PROBLEM TO SOLVE: Copy out the listing below exactly, please, and skip any pictures.

GIVEN DATA:
****************************************

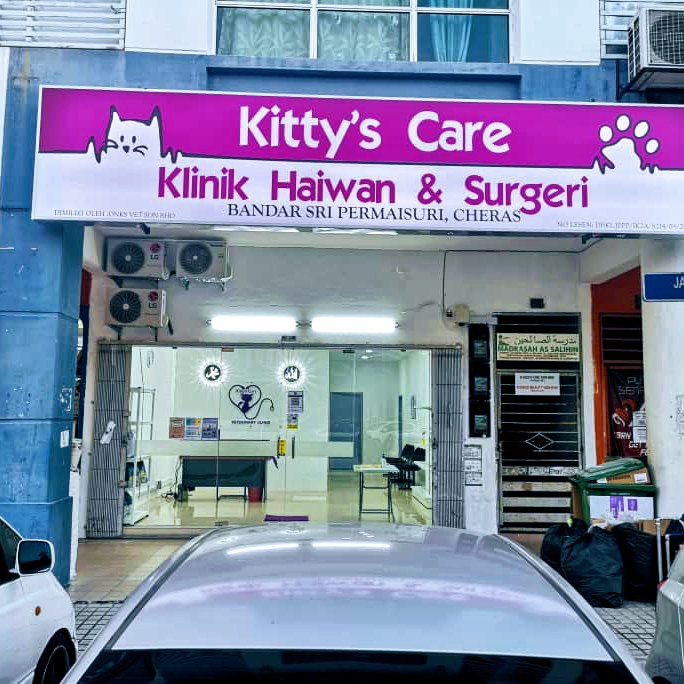 Kitty's Care
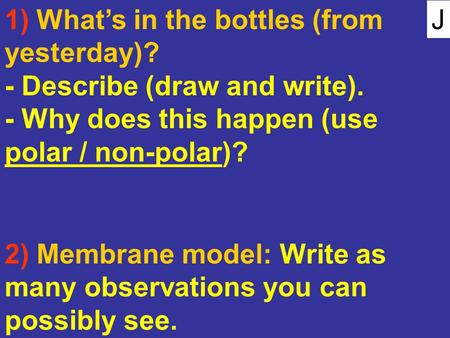 J 1) What’s in the bottles (from yesterday)? - Describe (draw and write). - Why does this happen (use polar / non-polar)? 2) Membrane model: Write as many.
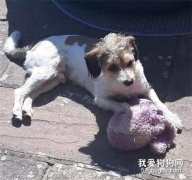 狗狗走失后，自閉癥女孩說出人生第一句話：我的狗狗去哪了…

****************************************

RESULT:
 Kitty's Care
 J 1) What’s in the bottles (from yesterday)? - Describe (draw and write). - Why does this happen (use polar / non-polar)? 2) Membrane model: Write as many.
 狗狗走失后，自閉癥女孩說出人生第一句話：我的狗狗去哪了…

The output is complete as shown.